Nogmaals, als we de bedragen in de Europese Unie met die in de Verenigde Staten vergelijken, moeten we niet vergeten dat het kaderprogramma 5 procent van de Europese publieke financiering uitmaakt. Het is daarom logisch dat wanneer je kijkt hoeveel publiek geld er naar de nanowetenschappen gaat, 30 procent van die publieke financiering afkomstig is van de EU. Het is duidelijk dat we er proportioneel veel meer aandacht aan besteden dan de lidstaten. Dat moet duidelijk onderstreept worden.
In de tweede plaats zou in normale omstandigheden twee derde van de financiering afkomstig moeten zijn van de private sector, en daar moeten we onze aandacht op richten. Een van de dingen die we ontdekt hebben – en dat is gepubliceerd in augustus 2006 – is dat de beslissende factoren, volgens de bedrijven die het onderzoek doen in de Europese ruimte, de volgende zijn: één, het bestaan van de markt; en twee, de kennispool, en niet de hoogte van de lonen. De hoogte van de lonen is bijna irrelevant als we het over kennis en onderzoek en ontwikkeling hebben. Dit zijn de gebieden die aandacht nodig hebben.
In de derde plaats, met betrekking tot de risico’s, klopt het dat we niet alles weten, en het zou hypocriet zijn om te zeggen dat we wel alles weten, want dat is niet zo. We weten echter wel veel, en ik ben het eens met al diegenen die hebben gezegd dat we daar voldoende aandacht aan moeten besteden in het zevende kaderprogramma. In het actieplan hebben we ook veel aandacht besteed aan vragen met betrekking tot de risico’s. De informele verzameling van input voor verdere projecten in het kader van het zevende kaderprogramma is onlangs voltooid.
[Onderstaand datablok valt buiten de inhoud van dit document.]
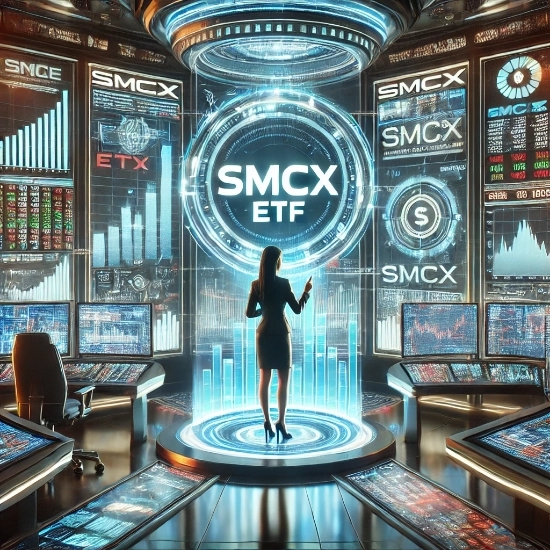  [SMCX] 디파이언스 데일리 타깃 2X 롱 SMCI ETF : 단타 투자자를 위한 화끈한 롤러코스터 주식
Het is eveneens uitermate belangrijk dat de wijze waarop we met vragen over de risico’s omgaan transparant moet zijn en dat we mensen op een goede manier voorlichten.
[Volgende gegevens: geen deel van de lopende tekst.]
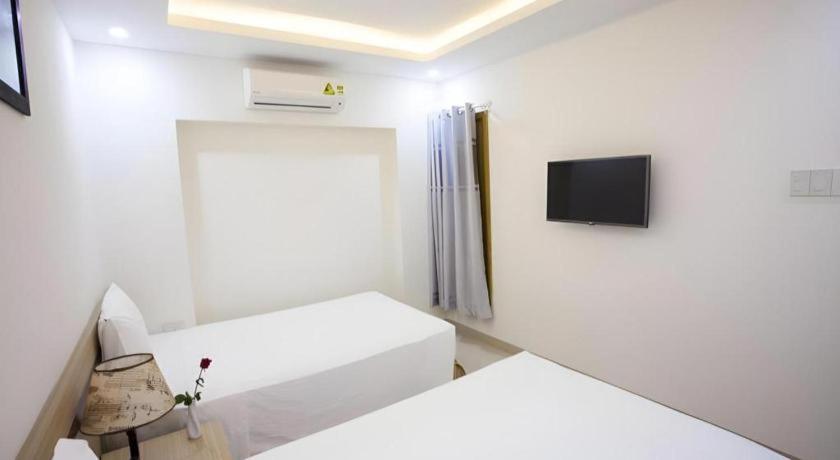 Melody Hotel Nha Trang Esterno foto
Met betrekking tot ethiek is het heel duidelijk dat we dezelfde hoge ethische normen en beginselen moeten handhaven waar we ons altijd aan gehouden hebben en dat we daar voldoende aandacht aan geven.
Tot slot, met betrekking tot het regelgevend kader, wil ik nogmaals zeggen dat dit een integraal onderdeel van het actieplan is. Al deze vraagstukken zijn bijeengebracht in het actieplan en de Commissie werkt nauw samen met directoraten-generaal die te maken hebben met onderzoek en directoraten-generaal die zich bezighouden met regelgevingsaspecten om een oplossing te vinden voor de verschillende onzekerheden met betrekking tot potentiële gevaren, om leemten in de kennis op te vullen, en om richtsnoeren en methoden verder te ontwikkelen. Ook wordt zorgvuldig gekeken naar de geschiktheid van de bestaande en toekomstige wetgeving met betrekking tot nanotechnologieproducten.
Samenvattend hebben we zonder enige twijfel een evenwichtige aanpak nodig die transparant is en een hoog niveau van volksgezondheid, veiligheid en milieu- en consumentenbescherming garandeert, maar die wel gericht is op het exploiteren van het enorme potentieel dat nanowetenschappen en nanotechnologieën hebben voor de gebieden onderzoek en innovatie. Het verslag van vandaag heeft een uitstekende gelegenheid geboden om al deze componenten van onze aanpak te onderstrepen en ik wil de geachte afgevaardigden bedanken voor hun belangstelling voor deze vraagstukken, voor de steun voor ons werk en voor de punten van zorg die naar voren gebracht zijn.